Jeff Gardiner talks about his studio's plan to build an open-world RPG, keeping the scope manageable, and what happened with Fallout 76

Today's Gamescom Opening Night Live event featured the first teaser trailer for Wyrdsong, the debut title from Something Wicked Games.

Something Wicked is the product of founder and CEO Jeff Gardiner, a former Bethesda developer who worked on The Elder Scrolls Oblivion and Skyrim, as well as Fallout 3, 4 before serving as project lead on Fallout 76.

In keeping with his professional experience, Gardiner tells GamesIndustry.biz that Wyrdsong will be a "dark, preternatural historical fantasy open-world RPG set in middle-ages Portugal."

Something Wicked Games CEO and founder Jeff Gardiner
Jeff Gardiner | Image credit: headshot provided by PR

"It gives the player an opportunity to question their reality as they proceed through this environment," Gardiner says. "We're basing it in Portugal around the time of the Knights Templar in order to introduce some esoteric and maybe occult elements to the game.
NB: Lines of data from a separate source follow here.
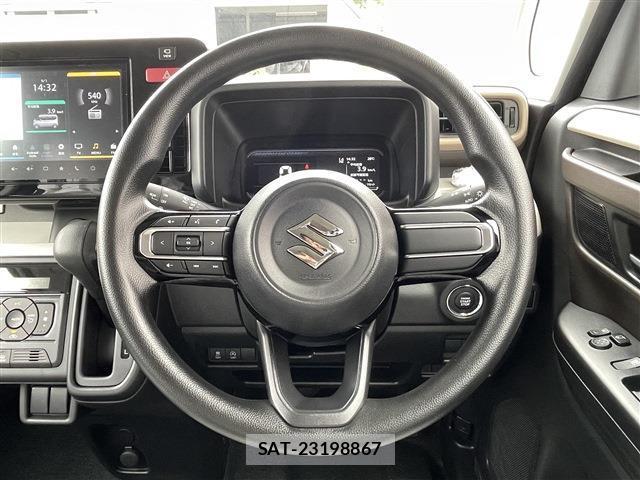 Suzuki SPACIA 2026-08 8768681-16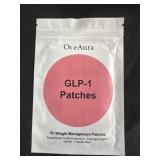 GLP-1 Patches 30ct
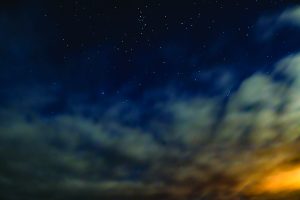 Dark sky celebrations to light up August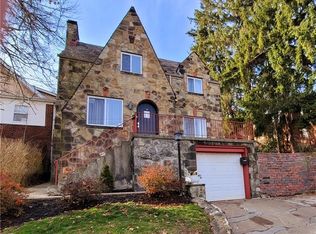 3024 Clermont Ave, Pittsburgh, PA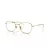 Ray-Ban Dioptrické okuliare RX 0RX6496 2500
Ultimately, you can be whatever gender or race you want and explore this land and this idea that the brain is not a passive receptor of information, and RPGs too, like most modern film and books, can have unreliable narrators."

Gardiner left Bethesda about a year ago to explore some career possibilities including going to work at other studios or consulting, but ultimately decided to go the start-up route and find outside funding for a new company.

"Netease came in very strong and very early and gave us a $13.2 million seed round with no real milestones or timelines associated with that," Gardiner says. "They understand that a creative process is something that should be managed internally. We're very big on setting our own goals and milestones; that worked very well for us at Bethesda and we plan on continuing that with Something Wicked Games."

Something Wicked has about 15 people to date (a few of which are contractors) and Gardiner is expecting to grow the team to about 65 or 70 people.

Wyrdsong concept art
Image credit: Something Wicked Games

"We shipped Fallout 3 with around the same amount of people and Skyrim with about 100, so I am very convinced we can come up with a game that will satisfy the open RPG itch with a narrow subset of people," Gardiner says.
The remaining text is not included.